Un altro famoso stato barbaresco ebbe il suo centro a Tunisi, di cui Khair ad-dīn si era impadronito nel 1534. La spedizione di Carlo V nell'anno successivo pose la regione sotto il protettorato spagnolo; ma dopo varie vicende, nel 1574 fu definitivamente conquistata dai Turchi, che ne fecero un pascialicato organizzato in forma consimile a quello di Algeri, con un pascià-bey, un consiglio, e un corpo di giannizzeri. Tra le sue vicende è da ricordare, nell'ultimo quarto del sec. XVI, la formazione di un nuovo consiglio eletto dalla milizia, sotto la presidenza di un capo supremo (dey), che riduceva ai minimi termini l'autorità del pascià rappresentante della Porta; il sorgere, in prosieguo di tempo, e cioè nella seconda metà del sec. XVII, di uno stato di antagonismo tra i dey e i comandanti delle truppe detti bey, che tendevano a soppiantare i primi, finché nel 1705 la carica di dey fu privata di ogni effettivo potere fondandosi, per opera di Ḥusain ben Alī un principato di fatto autonomo sebbene nominalmente vassallo della Porta. Tale principato con la sua dinastia ereditaria dei bey ḥusainiti, che risaliva al fondatore, venne trasformato in un protettorato con l'occupazione francese del 1881, continuando sempre la detta dinastia a regnare con limitati poteri.

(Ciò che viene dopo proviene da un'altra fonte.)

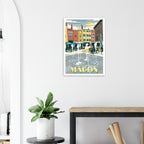 Poster de voyage de Mâcon sous cadre posé sur une console d'entrée moderne
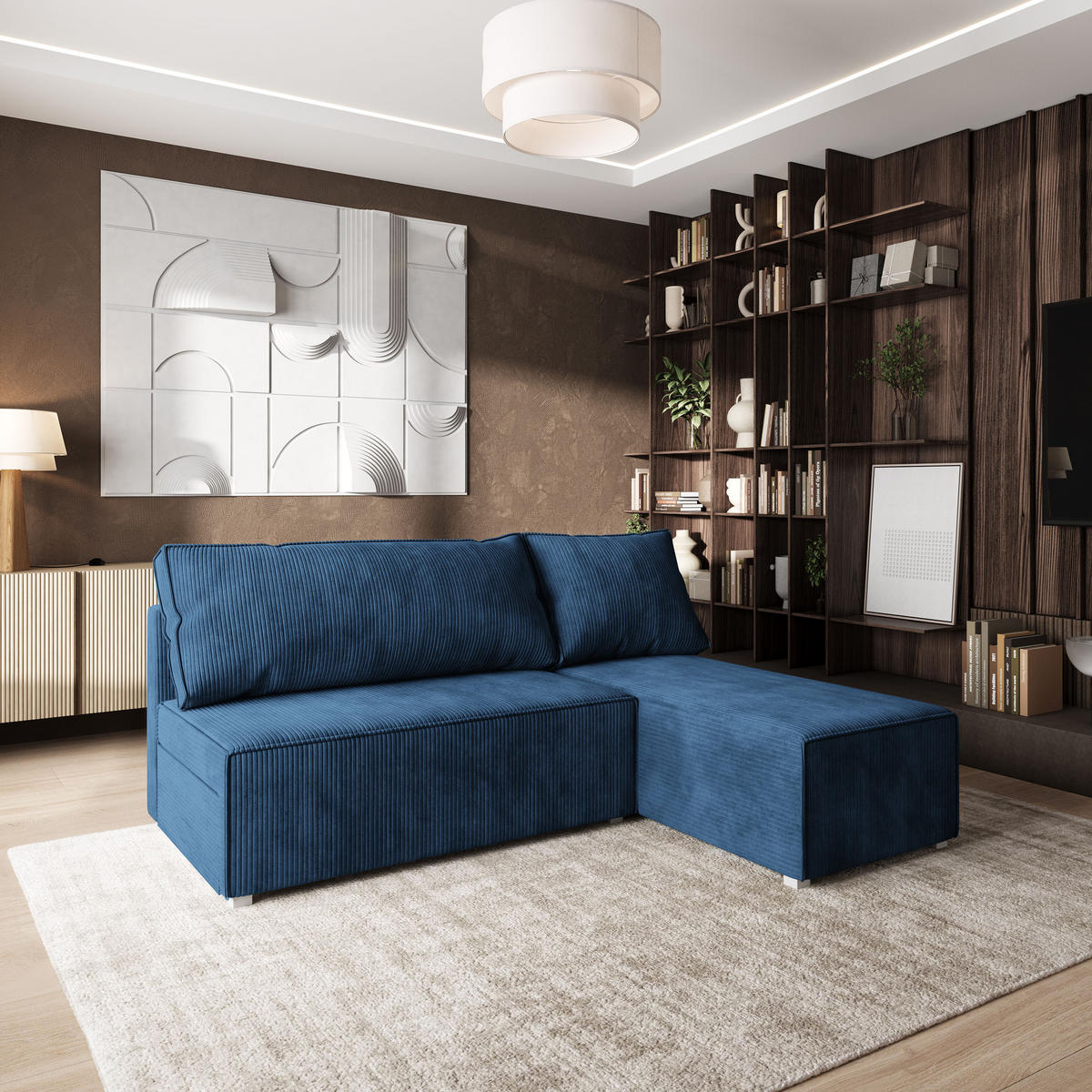 ROHOVÁ SEDAČKA BRISO modrá - šedá/modrá, dřevo/textil (200/140cm) - MASSENO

Altro stato barbaresco fu anche il Marocco le cui vicende nei rapporti con l'Europa presentano qualche analogia con gli altri, sebbene esso rimanesse al di fuori della Barberia turca propriamente detta. Già nel sec. XIV, regnando la dinastia dei Merīnidi, la pirateria marocchina arrecava danni ai vicini paesi cristiani. Tuttavia nel detto secolo e in parte del sec. XV vi furono anche pacifici rapporti commerciali tra il Marocco e gli stati europei mediterranei. Nella seconda metà del sec. XV e nel sec. XVI le cose si mutarono profondamente in seguito all'estendersi delle conquiste portoghesi e spagnole nel Maghrib, che determinavano la reazione musulmana contro i Cristiani; e più ancora per effetto della cacciata dalla penisola iberica dei Mori che, rifugiatisi in varie regioni dell'Africa del Nord, nutrivano odio profondo contro i Cristiani e propositi di feroci vendette contro di essi. I secoli XVI e XVII videro la grande pirateria organizzata al Marocco come nella vicina reggenza di Algeri. Parecchie città della costa atlantica, e principalmente Salé, erano basi della corsa; quest'ultima città fu più volte bombardata, ma la pirateria continuò ad annidarvisi fino al principio del sec. XIX.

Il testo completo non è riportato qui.